The President arrived back at the White House at 1:40 PM and went for a swim. I sat on the side of the pool, and we talked. At 2:30 PM we walked up to the Oval Room. – Robert Kennedy, Thirteen Days
I’ll be the first to admit, I’m a hothead. I react to things far more quickly than I need to, often having to backtrack statements or actions that I made in the heat of a moment. Far too many times, I’ve overreacted and said things or done things that are, in retrospect, not only stupid but embarrassing. I mean, I’m a grown man! Why do I still struggle with temper tantrums? (Because that’s really all they are. See, told ya, embarrassing.)
Even in the classroom, where my composure is supposed to be total and my responses to anything should always be measured, more times than I’d like to admit I failed horribly at being the understanding and supportive teacher. Total and utter failure on so many fronts.
It’s one of the reasons why I invest time working on myself and why I’ve found some purpose in studying the stoic philosophy which is grounded in not overreacting and accepting that what is is and that I am in 100% in control of how I respond to anything that happens to me.
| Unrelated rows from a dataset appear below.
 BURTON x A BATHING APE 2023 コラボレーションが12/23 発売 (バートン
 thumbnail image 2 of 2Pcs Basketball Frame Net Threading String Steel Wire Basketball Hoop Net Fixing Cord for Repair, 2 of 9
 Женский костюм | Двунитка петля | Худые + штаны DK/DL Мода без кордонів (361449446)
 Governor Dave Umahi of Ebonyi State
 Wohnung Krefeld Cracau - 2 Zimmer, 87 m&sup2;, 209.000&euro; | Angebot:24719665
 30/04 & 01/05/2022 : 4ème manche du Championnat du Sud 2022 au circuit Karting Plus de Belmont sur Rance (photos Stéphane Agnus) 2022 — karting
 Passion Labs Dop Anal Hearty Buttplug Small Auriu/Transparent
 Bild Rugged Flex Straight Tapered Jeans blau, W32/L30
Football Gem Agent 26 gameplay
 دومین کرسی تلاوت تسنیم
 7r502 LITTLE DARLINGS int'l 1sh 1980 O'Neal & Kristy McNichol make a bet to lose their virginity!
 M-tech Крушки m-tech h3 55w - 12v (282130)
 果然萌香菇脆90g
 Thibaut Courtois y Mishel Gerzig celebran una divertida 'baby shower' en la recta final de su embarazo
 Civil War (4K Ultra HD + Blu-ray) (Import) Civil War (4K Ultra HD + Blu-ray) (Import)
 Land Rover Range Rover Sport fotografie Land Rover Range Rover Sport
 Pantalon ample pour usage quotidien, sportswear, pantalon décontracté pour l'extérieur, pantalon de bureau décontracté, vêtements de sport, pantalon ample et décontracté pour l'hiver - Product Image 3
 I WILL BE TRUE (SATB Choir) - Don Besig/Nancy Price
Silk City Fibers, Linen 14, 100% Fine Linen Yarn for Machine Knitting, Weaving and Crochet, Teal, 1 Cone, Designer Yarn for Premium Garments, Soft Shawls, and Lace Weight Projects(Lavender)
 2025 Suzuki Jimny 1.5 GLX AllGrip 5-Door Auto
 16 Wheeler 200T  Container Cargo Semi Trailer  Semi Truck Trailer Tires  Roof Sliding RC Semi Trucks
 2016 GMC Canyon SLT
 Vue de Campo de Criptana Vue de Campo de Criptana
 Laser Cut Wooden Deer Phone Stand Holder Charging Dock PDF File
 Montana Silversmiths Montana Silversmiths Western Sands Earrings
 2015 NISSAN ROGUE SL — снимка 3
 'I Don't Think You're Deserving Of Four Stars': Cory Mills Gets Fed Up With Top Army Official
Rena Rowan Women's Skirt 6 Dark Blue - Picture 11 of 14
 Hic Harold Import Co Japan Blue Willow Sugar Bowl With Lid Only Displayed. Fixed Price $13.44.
So, when I read Thirteen Days, Robert Kennedy’s memoir of the Cuban Missile Crisis, I was struck by the statement I shared at the beginning of this article. If there was ever a time when someone could have overreacted, President John F. Kennedy would have been justified as the Soviet Union secretly moved nuclear weapons into Cuba.
But, no, that’s not what happened at all. In the days leading up to the Cuban Missile Crisis, President John F. Kennedy presented the ultimate expression of cool, calm, and collected.
Evidenced by aerial photography, the Soviet Union had begun a buildup of weaponry on the island nation of Cuba, some 90 miles south of the coast of Florida. Needless to say, the world stood still for a brief time in the fall of 1962 as the great superpower nations of the world stood toe-to-toe in a standoff sure to change the course of history.
I, for one, am glad I was not the occupant of the Oval Office in late 1962. I’m also grateful that many of the decision makers of that time did not have the final say in how the United States would deal with the Soviet Union.
President Kennedy, surrounded by knowledgeable advisors, each with their own assessment of how to handle the situation, kept his composure and refused to act quickly, knowing that if he made the wrong decision, there might not be anyone left to tell the story.
If you’re unfamiliar with the events of October 1962, you may not know that there were two camps in dealing with Cuba and the Soviet Union: invade Cuba or blockade any Soviet ships from reaching Cuba. Many of the Joint Chiefs of Staff favored the invasion action, believing that the only response the Soviets would understand was a strong military response. Others, including Secretary of Defense Robert McNamara, advocated for a blockade.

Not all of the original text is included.